Sex workers protest at Stormont during the debate to criminalise the purchase of sex
Victims of trafficking forced into sex work will become harder to uncover if paying for sex is criminalised, protesting sex workers said on Monday.
A small group of sex workers staged a protest at the gates of Stormont while MLAs debated the issue.
Clause six of Lord Morrow's Anti-trafficking bill will, if passed, make paying for sexual services illegal.
It is intended to curb the market for prostitution.
However, sex worker and campaigner Laura Lee said that the police are often informed of suspected trafficking cases by their clients.

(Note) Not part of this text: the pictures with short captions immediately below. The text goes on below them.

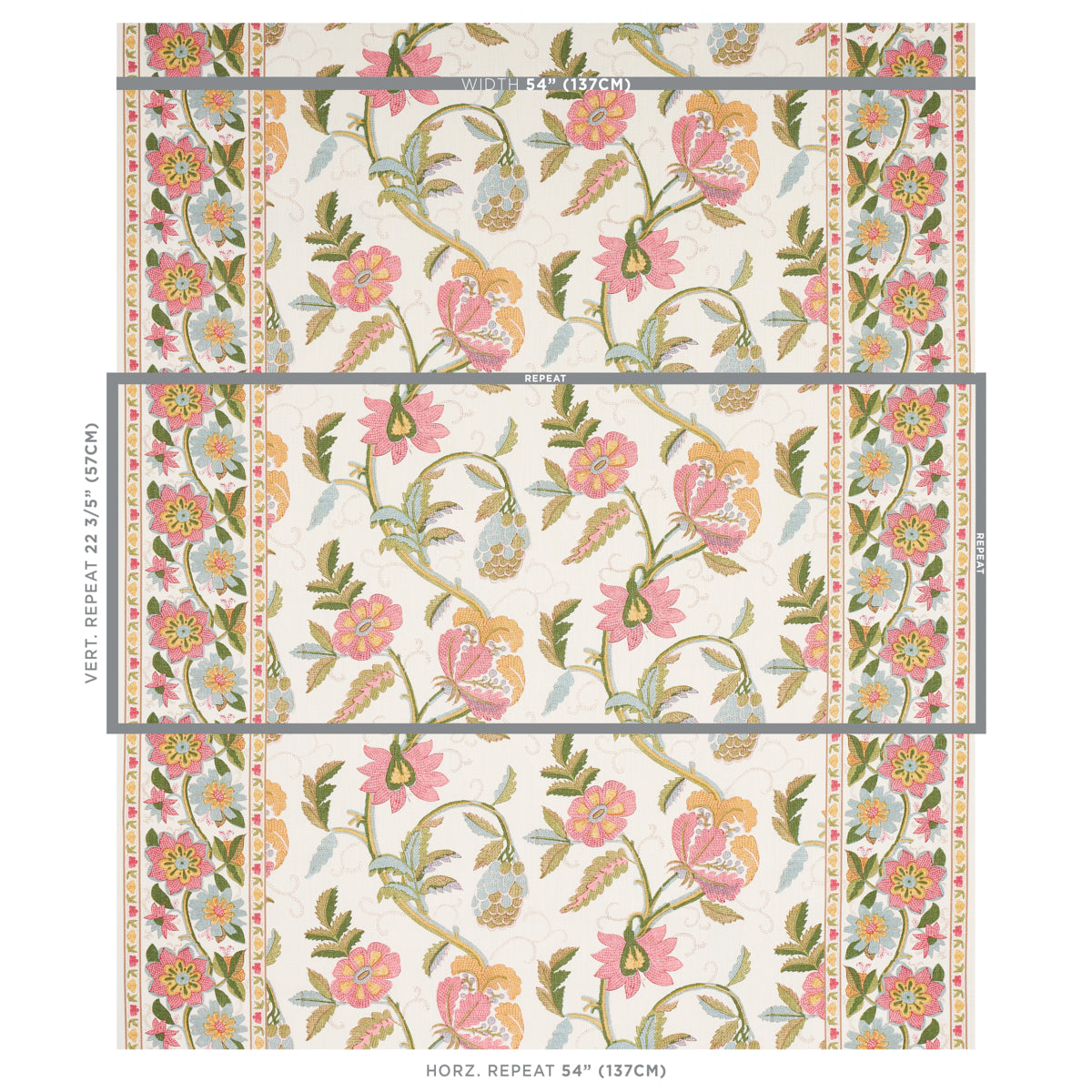 SCHUMACHER  SCHUMACHER CLASSICS INDALI BORDERED LINEN   Pink And Leaf   - 180111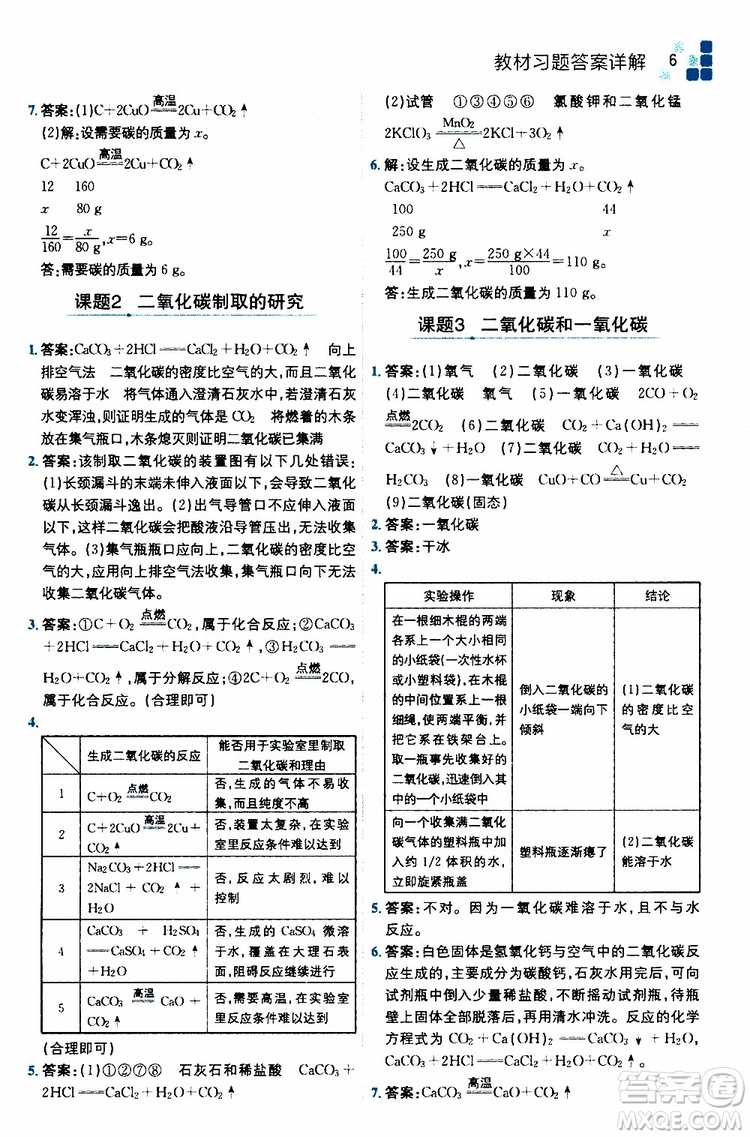 安徽人民出版社2019年全易通初中化學(xué)九年級(jí)上冊(cè)RJ人教版參考答案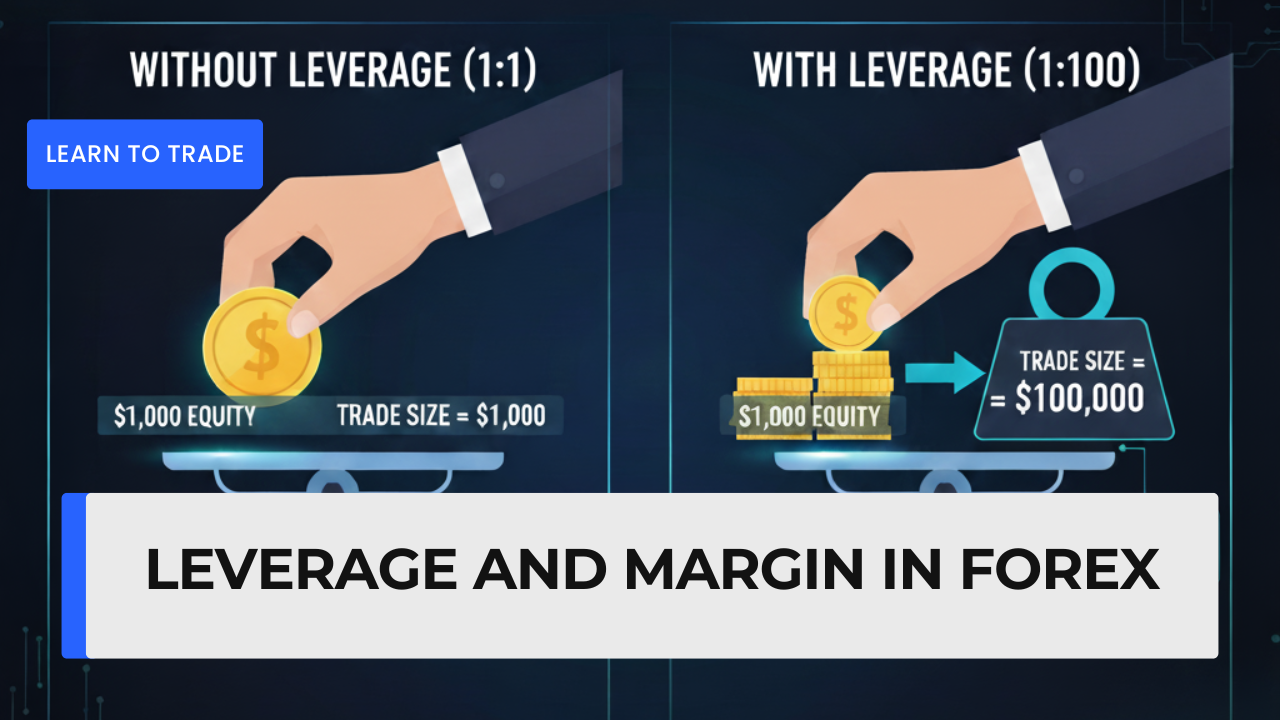 What Is Leverage and Margin in Forex?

"Clients won't report it to the police if they face admitting they've committed a crime," she said.
Ms Lee denied that sex workers' objections to the bill are motivated by fear of losing income.
Similar legislation has been enacted in Sweden and Ms Lee said: "This is going to hit the most vulnerable sex workers.
"We know that from evidence from Sweden, where sex workers take greater chances, for less money."
Supporters of the bill include a former victim of trafficking known as 'Anna'.
The Romanian was abducted from London and forced into sex work for nine months in the Republic of Ireland and Northern Ireland.
She refuted claims that the proposed legislation would drive trafficking underground.
"This is already underground, The only thing that will go underground would be the sex industry which would have to lose their major income," she said.
First in the UK
For operational reasons the PSNI were unable to confirm if previous victims of trafficking were discovered due to tip-offs from clients.
The bill is due to be voted on late on Monday evening, although the debate may roll over to Wednesday. It is thought there is enough cross party support for it to pass.
If passed by Stormont, Northern Ireland will be the first part of the United Kingdom where the purchase of sex is made illegal.